Below are the records; give again exactly the line with "transição de fluxos", the line with "atrás da onda.", and each line that lies between them, and nothing besides.

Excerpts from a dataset
◆ ◆ ◆

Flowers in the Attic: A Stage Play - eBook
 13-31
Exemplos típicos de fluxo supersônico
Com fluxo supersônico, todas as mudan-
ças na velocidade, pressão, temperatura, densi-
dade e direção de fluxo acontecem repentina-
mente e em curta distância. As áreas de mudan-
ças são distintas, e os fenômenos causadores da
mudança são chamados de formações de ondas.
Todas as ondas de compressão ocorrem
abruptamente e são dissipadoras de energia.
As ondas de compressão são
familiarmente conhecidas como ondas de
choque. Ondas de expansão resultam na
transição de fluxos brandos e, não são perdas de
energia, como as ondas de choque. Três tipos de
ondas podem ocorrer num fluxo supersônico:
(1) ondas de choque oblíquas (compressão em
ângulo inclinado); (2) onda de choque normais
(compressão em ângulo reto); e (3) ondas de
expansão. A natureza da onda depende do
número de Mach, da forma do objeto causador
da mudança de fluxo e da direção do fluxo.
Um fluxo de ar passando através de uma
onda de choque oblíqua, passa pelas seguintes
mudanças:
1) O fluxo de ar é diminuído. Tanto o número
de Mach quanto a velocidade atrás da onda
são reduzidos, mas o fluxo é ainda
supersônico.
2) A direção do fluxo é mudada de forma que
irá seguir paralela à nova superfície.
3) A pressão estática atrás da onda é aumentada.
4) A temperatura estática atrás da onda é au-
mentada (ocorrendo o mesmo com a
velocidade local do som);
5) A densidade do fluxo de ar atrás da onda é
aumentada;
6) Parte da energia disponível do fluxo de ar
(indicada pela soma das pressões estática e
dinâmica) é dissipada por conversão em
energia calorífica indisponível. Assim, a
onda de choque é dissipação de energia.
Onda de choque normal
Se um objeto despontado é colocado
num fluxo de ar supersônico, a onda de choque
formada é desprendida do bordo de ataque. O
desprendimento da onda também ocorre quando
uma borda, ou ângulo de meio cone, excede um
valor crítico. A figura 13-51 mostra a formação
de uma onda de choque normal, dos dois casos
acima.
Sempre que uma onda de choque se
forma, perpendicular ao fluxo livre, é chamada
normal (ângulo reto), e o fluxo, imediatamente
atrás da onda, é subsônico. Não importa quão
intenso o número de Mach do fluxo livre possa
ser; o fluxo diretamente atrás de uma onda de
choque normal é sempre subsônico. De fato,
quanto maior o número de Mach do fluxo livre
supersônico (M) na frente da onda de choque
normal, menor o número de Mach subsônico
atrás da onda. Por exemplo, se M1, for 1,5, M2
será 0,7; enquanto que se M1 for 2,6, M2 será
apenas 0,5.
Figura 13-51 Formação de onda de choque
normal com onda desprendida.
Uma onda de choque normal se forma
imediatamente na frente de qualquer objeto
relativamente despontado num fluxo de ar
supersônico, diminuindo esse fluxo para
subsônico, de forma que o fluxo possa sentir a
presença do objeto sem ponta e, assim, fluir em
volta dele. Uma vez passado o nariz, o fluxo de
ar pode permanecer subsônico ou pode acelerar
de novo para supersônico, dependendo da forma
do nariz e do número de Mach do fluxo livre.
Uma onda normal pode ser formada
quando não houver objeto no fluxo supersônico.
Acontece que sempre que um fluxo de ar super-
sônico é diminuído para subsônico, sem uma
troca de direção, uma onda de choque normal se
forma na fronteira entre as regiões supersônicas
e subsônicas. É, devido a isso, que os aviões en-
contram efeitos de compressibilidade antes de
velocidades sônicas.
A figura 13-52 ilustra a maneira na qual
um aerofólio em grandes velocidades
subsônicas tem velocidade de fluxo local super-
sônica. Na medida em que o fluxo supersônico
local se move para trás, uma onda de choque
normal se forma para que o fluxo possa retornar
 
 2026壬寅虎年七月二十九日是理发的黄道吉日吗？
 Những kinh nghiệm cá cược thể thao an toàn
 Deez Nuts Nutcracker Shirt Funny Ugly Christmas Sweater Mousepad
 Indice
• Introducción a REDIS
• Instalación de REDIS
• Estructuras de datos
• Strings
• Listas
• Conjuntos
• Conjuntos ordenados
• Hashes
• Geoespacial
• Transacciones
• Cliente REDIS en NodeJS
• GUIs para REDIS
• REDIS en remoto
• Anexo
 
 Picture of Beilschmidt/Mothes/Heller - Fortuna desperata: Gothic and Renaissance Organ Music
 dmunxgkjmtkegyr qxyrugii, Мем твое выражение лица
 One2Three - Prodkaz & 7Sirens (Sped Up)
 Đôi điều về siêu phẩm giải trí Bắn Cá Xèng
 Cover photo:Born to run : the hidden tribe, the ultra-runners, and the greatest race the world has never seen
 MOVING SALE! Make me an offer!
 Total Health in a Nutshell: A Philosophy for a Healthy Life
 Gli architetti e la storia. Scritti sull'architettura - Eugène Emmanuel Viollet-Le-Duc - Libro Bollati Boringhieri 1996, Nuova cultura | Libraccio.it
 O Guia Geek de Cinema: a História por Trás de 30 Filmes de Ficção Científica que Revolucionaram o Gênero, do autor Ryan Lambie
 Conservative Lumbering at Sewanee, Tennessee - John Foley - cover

◆ ◆ ◆

Solved problem:
transição de fluxos brandos e, não são perdas de
energia, como as ondas de choque. Três tipos de
ondas podem ocorrer num fluxo supersônico:
(1) ondas de choque oblíquas (compressão em
ângulo inclinado); (2) onda de choque normais
(compressão em ângulo reto); e (3) ondas de
expansão. A natureza da onda depende do
número de Mach, da forma do objeto causador
da mudança de fluxo e da direção do fluxo.
Um fluxo de ar passando através de uma
onda de choque oblíqua, passa pelas seguintes
mudanças:
1) O fluxo de ar é diminuído. Tanto o número
de Mach quanto a velocidade atrás da onda
são reduzidos, mas o fluxo é ainda
supersônico.
2) A direção do fluxo é mudada de forma que
irá seguir paralela à nova superfície.
3) A pressão estática atrás da onda é aumentada.
4) A temperatura estática atrás da onda é au-
mentada (ocorrendo o mesmo com a
velocidade local do som);
5) A densidade do fluxo de ar atrás da onda é
aumentada;
6) Parte da energia disponível do fluxo de ar
(indicada pela soma das pressões estática e
dinâmica) é dissipada por conversão em
energia calorífica indisponível. Assim, a
onda de choque é dissipação de energia.
Onda de choque normal
Se um objeto despontado é colocado
num fluxo de ar supersônico, a onda de choque
formada é desprendida do bordo de ataque. O
desprendimento da onda também ocorre quando
uma borda, ou ângulo de meio cone, excede um
valor crítico. A figura 13-51 mostra a formação
de uma onda de choque normal, dos dois casos
acima.
Sempre que uma onda de choque se
forma, perpendicular ao fluxo livre, é chamada
normal (ângulo reto), e o fluxo, imediatamente
atrás da onda, é subsônico. Não importa quão
intenso o número de Mach do fluxo livre possa
ser; o fluxo diretamente atrás de uma onda de
choque normal é sempre subsônico. De fato,
quanto maior o número de Mach do fluxo livre
supersônico (M) na frente da onda de choque
normal, menor o número de Mach subsônico
atrás da onda. Por exemplo, se M1, for 1,5, M2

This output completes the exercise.